Problem to solve: Look through the data below and, wherever a line carries the word "Jeep", please copy that line.

Short web captions:
+++

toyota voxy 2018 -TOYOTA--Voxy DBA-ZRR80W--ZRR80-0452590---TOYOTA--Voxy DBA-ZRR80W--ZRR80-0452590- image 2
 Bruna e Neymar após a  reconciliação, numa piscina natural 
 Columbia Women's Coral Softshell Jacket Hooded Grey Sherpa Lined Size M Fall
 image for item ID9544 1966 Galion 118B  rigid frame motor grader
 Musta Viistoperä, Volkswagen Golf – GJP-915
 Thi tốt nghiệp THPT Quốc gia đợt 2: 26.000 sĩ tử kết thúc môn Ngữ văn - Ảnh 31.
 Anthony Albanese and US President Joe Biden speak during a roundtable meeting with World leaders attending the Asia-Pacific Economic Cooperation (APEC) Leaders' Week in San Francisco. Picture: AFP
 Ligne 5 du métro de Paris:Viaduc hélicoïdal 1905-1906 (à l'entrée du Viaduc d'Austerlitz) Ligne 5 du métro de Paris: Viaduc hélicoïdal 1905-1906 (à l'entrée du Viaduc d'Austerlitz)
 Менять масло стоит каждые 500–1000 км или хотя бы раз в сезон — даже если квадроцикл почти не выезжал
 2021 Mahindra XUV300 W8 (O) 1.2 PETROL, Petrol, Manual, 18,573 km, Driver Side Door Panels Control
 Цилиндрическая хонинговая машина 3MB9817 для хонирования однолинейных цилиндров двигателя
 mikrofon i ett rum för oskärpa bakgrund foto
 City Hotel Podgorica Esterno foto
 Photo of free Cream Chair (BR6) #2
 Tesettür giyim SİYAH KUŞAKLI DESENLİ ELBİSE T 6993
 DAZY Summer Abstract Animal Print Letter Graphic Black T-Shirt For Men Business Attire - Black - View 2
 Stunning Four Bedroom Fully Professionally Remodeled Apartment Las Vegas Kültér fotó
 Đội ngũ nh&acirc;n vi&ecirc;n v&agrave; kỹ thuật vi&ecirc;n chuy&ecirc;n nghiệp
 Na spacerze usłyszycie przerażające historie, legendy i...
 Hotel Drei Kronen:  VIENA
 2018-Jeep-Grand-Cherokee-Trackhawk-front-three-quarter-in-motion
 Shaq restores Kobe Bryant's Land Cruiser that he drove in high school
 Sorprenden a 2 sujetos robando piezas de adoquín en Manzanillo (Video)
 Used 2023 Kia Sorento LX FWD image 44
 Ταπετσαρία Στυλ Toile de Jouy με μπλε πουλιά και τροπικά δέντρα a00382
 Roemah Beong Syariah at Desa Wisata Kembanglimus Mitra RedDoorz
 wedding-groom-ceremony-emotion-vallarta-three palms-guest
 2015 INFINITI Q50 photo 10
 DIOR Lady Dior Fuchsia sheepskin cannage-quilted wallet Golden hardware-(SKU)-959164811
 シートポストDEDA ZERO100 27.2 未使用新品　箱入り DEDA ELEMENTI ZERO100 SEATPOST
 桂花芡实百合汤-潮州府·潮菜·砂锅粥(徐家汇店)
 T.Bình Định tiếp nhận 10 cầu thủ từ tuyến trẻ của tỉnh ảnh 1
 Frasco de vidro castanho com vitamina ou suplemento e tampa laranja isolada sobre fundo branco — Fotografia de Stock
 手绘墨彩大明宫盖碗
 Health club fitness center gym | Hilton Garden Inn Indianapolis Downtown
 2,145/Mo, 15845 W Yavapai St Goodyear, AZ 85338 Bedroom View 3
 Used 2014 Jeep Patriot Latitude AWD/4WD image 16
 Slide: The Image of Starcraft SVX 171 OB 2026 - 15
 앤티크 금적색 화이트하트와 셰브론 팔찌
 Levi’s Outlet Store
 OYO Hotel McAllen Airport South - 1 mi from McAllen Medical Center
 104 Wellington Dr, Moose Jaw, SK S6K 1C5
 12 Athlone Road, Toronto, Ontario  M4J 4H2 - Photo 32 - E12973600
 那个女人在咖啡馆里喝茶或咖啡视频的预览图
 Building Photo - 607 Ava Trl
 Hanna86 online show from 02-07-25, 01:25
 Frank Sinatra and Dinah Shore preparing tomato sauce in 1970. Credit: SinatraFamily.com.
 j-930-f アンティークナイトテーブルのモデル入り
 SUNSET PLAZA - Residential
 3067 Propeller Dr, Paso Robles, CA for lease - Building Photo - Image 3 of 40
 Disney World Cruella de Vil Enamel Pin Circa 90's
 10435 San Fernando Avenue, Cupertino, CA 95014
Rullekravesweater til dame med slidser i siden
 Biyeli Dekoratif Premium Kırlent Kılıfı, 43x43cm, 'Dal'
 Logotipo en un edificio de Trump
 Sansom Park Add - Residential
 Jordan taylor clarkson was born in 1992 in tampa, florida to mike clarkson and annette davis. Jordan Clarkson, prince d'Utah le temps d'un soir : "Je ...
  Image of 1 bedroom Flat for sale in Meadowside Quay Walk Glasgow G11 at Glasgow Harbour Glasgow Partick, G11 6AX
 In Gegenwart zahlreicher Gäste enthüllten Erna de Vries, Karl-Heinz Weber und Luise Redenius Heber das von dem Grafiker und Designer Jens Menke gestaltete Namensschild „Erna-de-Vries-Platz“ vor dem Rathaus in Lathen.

+++

Your response:
 2018-Jeep-Grand-Cherokee-Trackhawk-front-three-quarter-in-motion
 Used 2014 Jeep Patriot Latitude AWD/4WD image 16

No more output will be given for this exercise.